> [WHAT TO WORK ON]: Copy each line of the listing below exactly and drop the images.

> [STORED DATA]:
::::

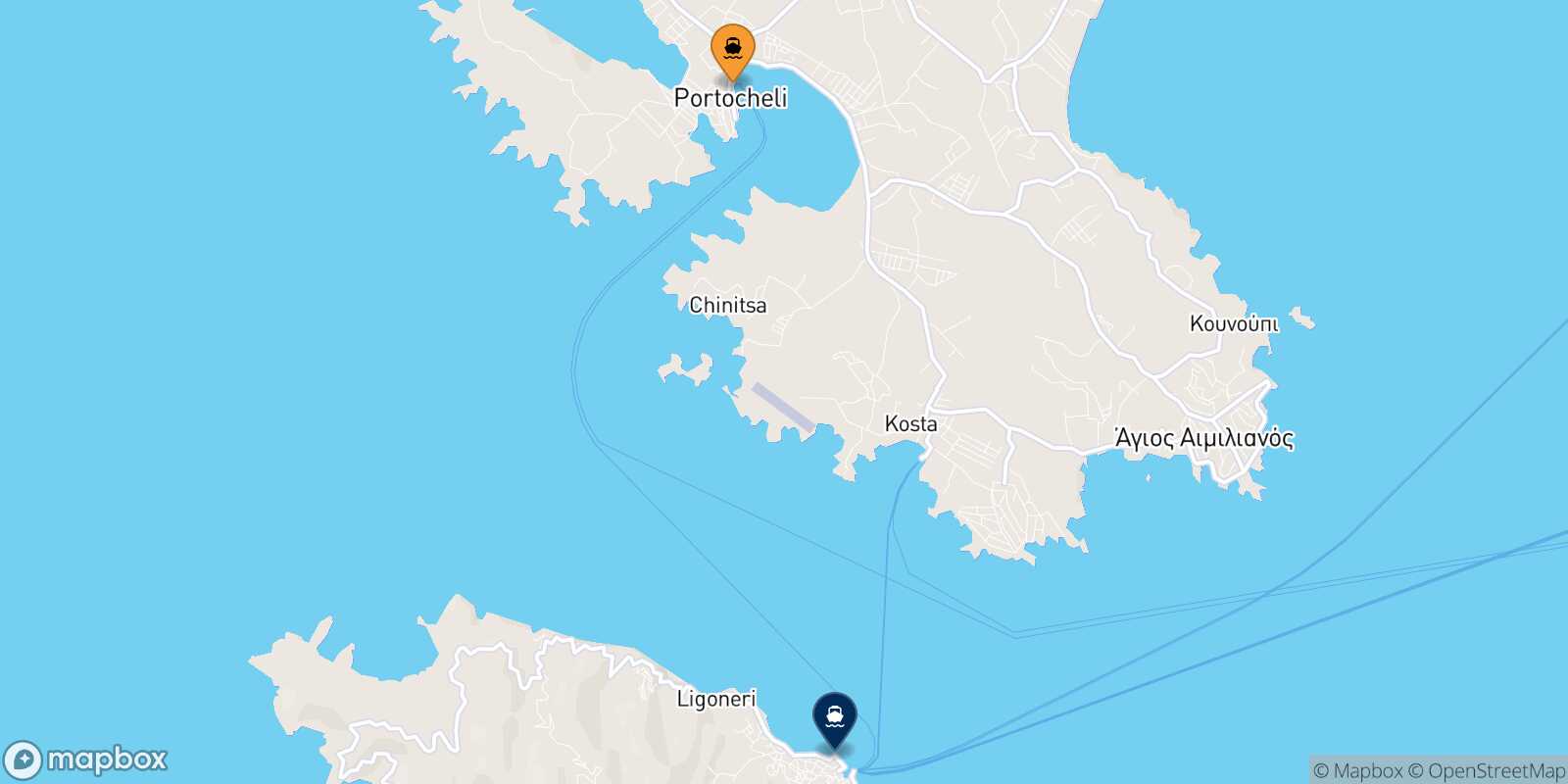 Mapa de la ruta Porto Heli Spetses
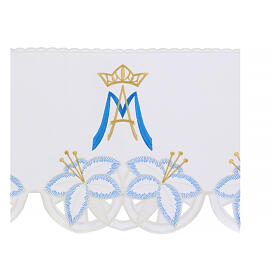Marian border for altar tablecloth, initials and blue flowers on white fabric, h 10 in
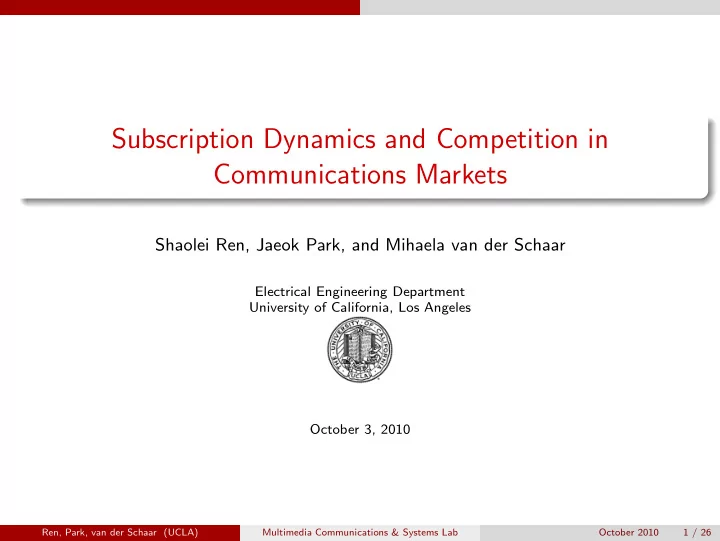 subscription dynamics and competition in communications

::::

> [TASK OUTPUT]:
 Mapa de la ruta Porto Heli Spetses
Marian border for altar tablecloth, initials and blue flowers on white fabric, h 10 in
 subscription dynamics and competition in communications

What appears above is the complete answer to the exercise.